Reputation: 938
I have a data frame that looks like
GeneID person1 person2 ... person100 homo1 homo2 heter homo1count homo2count hetercount
1 AA AC AA AA CC AC 25 50 25
2 .....
3 .....
How may I get the count 25, 50, 25?
I was trying to use apply as
g <- function(df, AA) {
x = table(df)
AA = x[which(names(x) == df$homo1)]
}
x = apply(temp,1,g)
But it didn't work, the df$homo1 is always a list
Thanks!
Upvotes: 0
Views: 104
Reputation: 9696
This is easier if you pivot to long format first, then aggregate.
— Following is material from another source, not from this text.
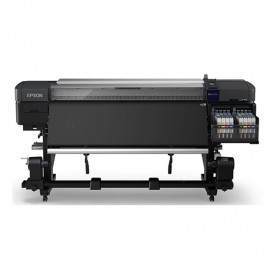 Epson SureColor F9470 64" Dye-Sublimation Inkjet Printer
Something like this:
require(reshape2)
require(dplyr)
g <- c('AC', 'AA', 'CC')
n <- 30
df <- data.frame(gene_id=1:30, person1=sample(g,n,replace=TRUE),
person2=sample(g,n,replace=TRUE),
person3=sample(g,n,replace=TRUE),
person4=sample(g,n,replace=TRUE),
homo1=sample(g,n,replace=TRUE),
homo2=sample(g,n,replace=TRUE),
stringsAsFactors=FALSE)
df %>% melt(c("gene_id", "homo1", "homo2")) %>%
group_by(gene_id) %>%
summarise(homo1count=sum(homo1==value),
homo2count=sum(homo2==value) ) %>%
merge(x=df)
EDIT: sample output:
gene_id person1 person2 person3 person4 homo1 homo2 homo1count homo2count
1 1 AA CC AC AA AC CC 1 1
2 2 AC AA CC CC CC AA 2 1
3 3 AC CC CC AA CC AA 2 1
4 4 AC AC AC AA AA AA 1 1
5 5 CC AC AA AC AA AC 1 2
6 6 CC AC CC CC AA AA 0 0
7 7 AA AA AC AA CC CC 0 0
8 8 AA AC AA CC AC CC 1 1
Upvotes: 2